A joint research report has identified the benefits and issues that come with using AI in court systems worldwide.
It was found that artificial intelligence can make improvements in areas like access to justice, however it could come into conflict with important legal values.
The joint research project came from the Australian Institute for Judicial Administration (AIJA), UNSW Law & Justice, UNSW Allens Hub for Technology, Law and Innovation and the Law Society of NSW’s Future of Law and Innovation in the Profession (FLIP Stream).
Professor Lyria Bennett Moses, the Director of the UNSW Allens Hub and Associate Dean of Research at UNSW Law & Justice, said AI presence is increasing in court processes.
“Artificial intelligence, as a concept and as practice, is becoming increasingly popular in courts and tribunals internationally. There can be both immense benefits as well as concerns about compatibility with fundamental values,” she said.
“AI in courts extends from administrative matters, such as automated e-filing, to the use of data-driven inferences about particular defendants in the context of sentencing.
“Judges, tribunal members and court administrators need to understand the technologies sufficiently well to be in a position to ask the right questions about the use of AI systems.”
One of the concerns raised by the report was about the COMPAS tool used in the US to profile prisoners. The Correctional Offender Management Profiling for Alternative Sanctions tool (COMPAS) uses 137 questions to evaluate the likelihood of re-offense.
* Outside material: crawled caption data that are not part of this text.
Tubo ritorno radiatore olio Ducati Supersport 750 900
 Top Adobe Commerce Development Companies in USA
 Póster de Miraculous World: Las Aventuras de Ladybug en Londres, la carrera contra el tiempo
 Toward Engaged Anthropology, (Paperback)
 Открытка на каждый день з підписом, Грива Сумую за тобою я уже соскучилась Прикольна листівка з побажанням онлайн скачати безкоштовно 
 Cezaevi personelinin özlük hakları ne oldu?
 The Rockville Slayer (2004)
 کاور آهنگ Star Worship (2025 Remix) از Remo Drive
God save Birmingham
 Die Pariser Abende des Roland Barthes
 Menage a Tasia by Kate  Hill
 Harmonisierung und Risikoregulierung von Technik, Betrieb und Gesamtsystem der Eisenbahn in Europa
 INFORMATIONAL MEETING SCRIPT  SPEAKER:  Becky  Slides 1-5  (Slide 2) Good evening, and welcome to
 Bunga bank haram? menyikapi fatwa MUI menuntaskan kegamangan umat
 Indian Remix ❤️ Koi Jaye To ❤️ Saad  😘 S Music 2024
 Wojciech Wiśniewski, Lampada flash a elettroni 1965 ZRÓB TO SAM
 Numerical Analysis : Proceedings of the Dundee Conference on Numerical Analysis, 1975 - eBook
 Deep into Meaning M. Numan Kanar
Questions range from “how many times has this person been arrested as an adult or a juvenile?” to more ambiguous ones such as “do you feel discouraged at times?”. The findings of the COMPAS tool have real consequences, informing the judge on whether an alleged offender can be granted bail or whether they should be eligible for parole.
“This is not based on an individual psychological profile, but rather on analysis of data,” Professor Bennett Moses said.
“If people ‘like’ you have reoffended in the past, then you are going to be rated as likely to re-offend.”
She questioned whether similar tools would be appropriate in an Australian court, but also pointed to the benefits of AI like aiding access to justice, including overcoming language barriers.
“My main advice is to tread carefully, to seek to understand how things work before drawing conclusions on what the law should do about it,” she said.
“But we need people to ask the right questions, and help society answer them.”